Reaction Time Distribution

# RT distribution
p <- estimate_density(df, select = "RT", at = c("Participant", "Block")) |>
  group_by(Participant) |>
  normalize(select = "y") |>
  ungroup() |>
  mutate(color = ifelse(Participant %in% outliers, "red", "blue")) |>
  ggplot(aes(x = x, y = y)) +
  geom_area(data = normalize(estimate_density(df, select = "RT"), select = "y"), alpha = 0.2) +
  geom_line(aes(color = color, group = interaction(Participant, Block), linetype = Block)) +
  geom_vline(xintercept = 2500, linetype = "dashed", color = "red") +
  scale_color_manual(values=c("red"="red", "blue"="blue"), guide = "none") +
  scale_x_continuous(expand = c(0, 0)) +
  scale_y_continuous(expand = c(0, 0)) +
  coord_cartesian(xlim = c(0, 3000)) +
  theme_modern() +
  theme(axis.text.y = element_blank()) +
  facet_wrap(~Participant) +
  labs(y = "", x = "Reaction Time (ms)")
p

# ggsave("figures/outliers.png", p, width=20, height=15)

# Filter out
df <- filter(df, !Participant %in% outliers)

Reaction Time per Trial

p1 <- estimate_density(df, select = "RT", at = "Participant") |>
  group_by(Participant) |>
  normalize(select = "y") |>
  ungroup() |>
  ggplot(aes(x = x, y = y)) +
  geom_area(data = normalize(estimate_density(df, select = "RT"), select = "y"), alpha = 0.2) +
  geom_line(aes(color = Participant, group = Participant)) +
  geom_vline(xintercept = c(150, 3000), linetype = "dashed", color = "red") +
  scale_color_material_d("rainbow", guide = "none") +
  scale_x_continuous(expand = c(0, 0)) +
  scale_y_continuous(expand = c(0, 0)) +
  coord_cartesian(xlim = c(0, 3500)) +
  theme_modern() +
  theme(axis.text.y = element_blank()) +
  # facet_wrap(~Participant) +
  labs(y = "", x = "Reaction Time (ms)")


df$Outlier <- df$RT < 150 | df$RT > 3000

p2 <- df |>
  group_by(Participant) |>
  summarize(Outlier = sum(Outlier) / n()) |>
  mutate(Participant = fct_reorder(Participant, Outlier)) |>
  ggplot(aes(x = Participant, y = Outlier)) +
  geom_bar(stat = "identity", aes(fill = Participant)) +
  scale_fill_material_d("rainbow", guide = "none") +
  scale_x_discrete(expand = c(0, 0)) +
  scale_y_continuous(expand = c(0, 0), labels = scales::percent) +
  see::theme_modern() +
  theme(axis.text.x = element_blank())

p1 | p2

We removed 692 (1.37%) outlier trials (150 ms < RT < 3000 ms).

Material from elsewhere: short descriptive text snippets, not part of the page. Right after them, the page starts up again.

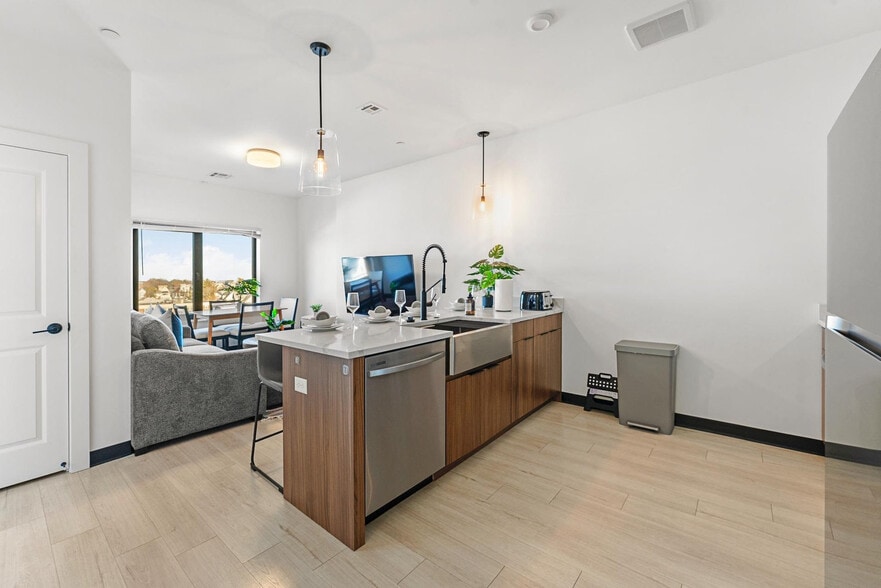 Building Photo - 600 Broadway-SI ID1240289P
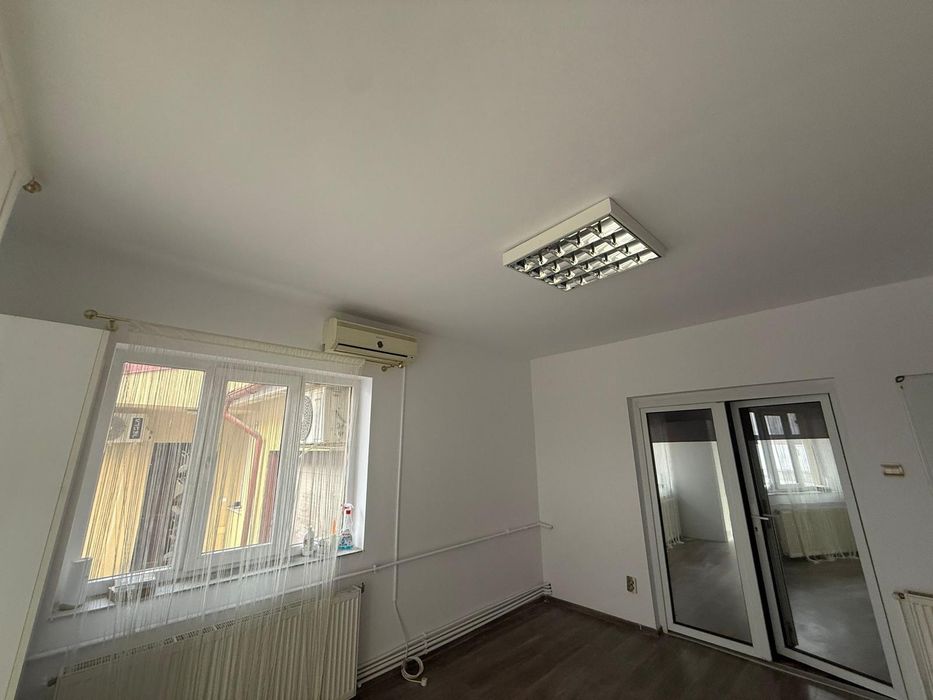 Inchiriez apartament 2 camere 100 mp
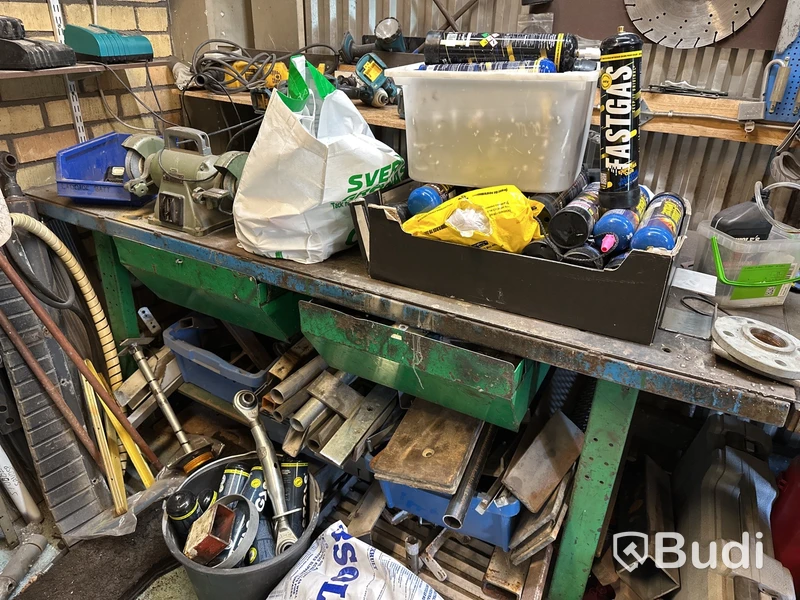 Arbetsbänk med bänkslip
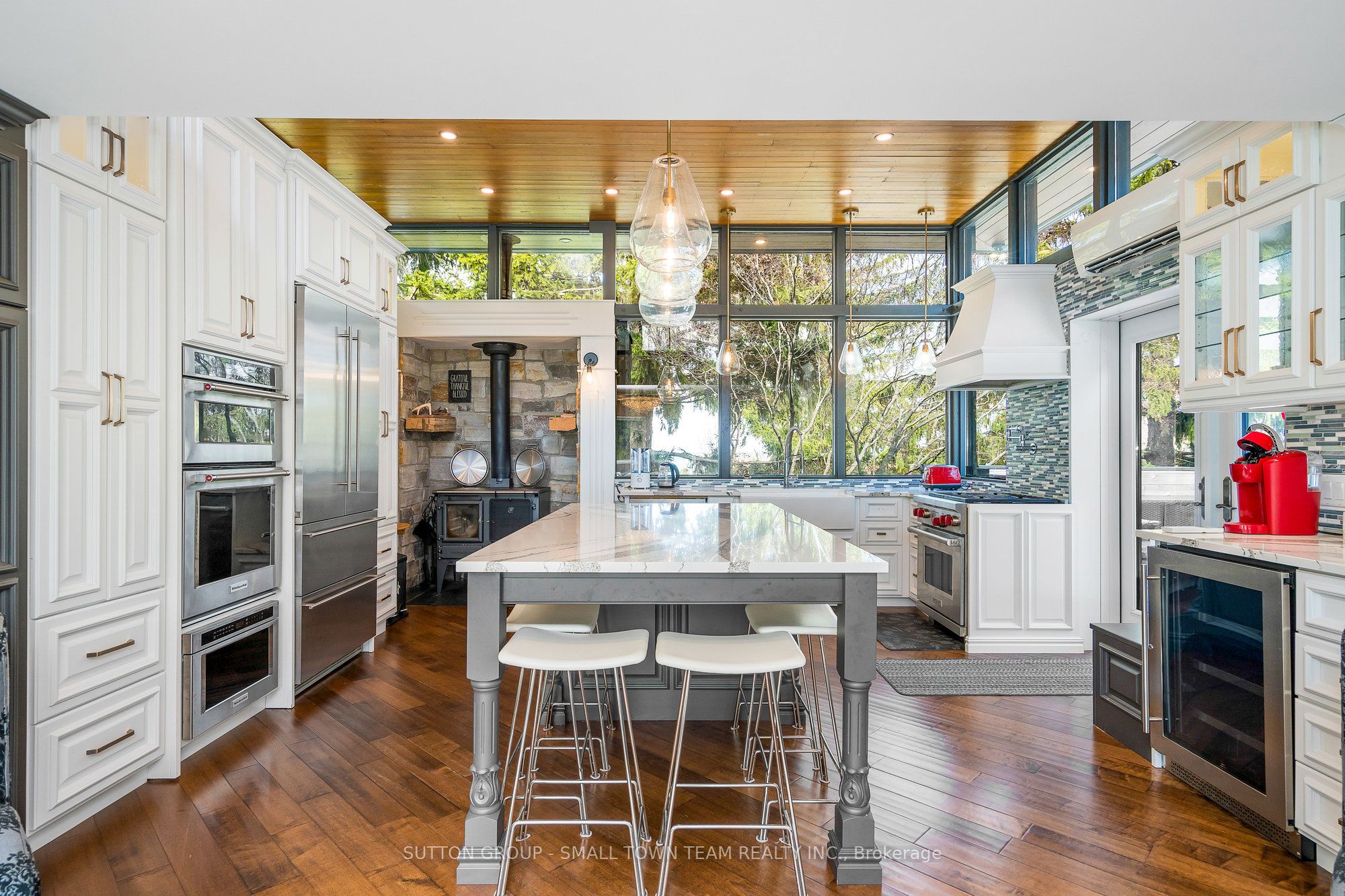 114 Lakeshore Road W, Blue Mountains, ON L9Y 0S6 photo 4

df <- filter(df, Outlier == FALSE)

Participants

Fifty-two participants were recruited via Prolific (www.prolificacademic.co.uk), a crowd-sourcing platform providing high data quality (Peer et al. 2022). The only inclusion criterion was a fluent proficiency in English to ensure that the task instructions would be well-understood. Participants were incentivised with a reward of about for completing the task, which took about 50 minutes to finish. Demographic variables (age, gender, and ethnicity) were self-reported on a voluntary basis.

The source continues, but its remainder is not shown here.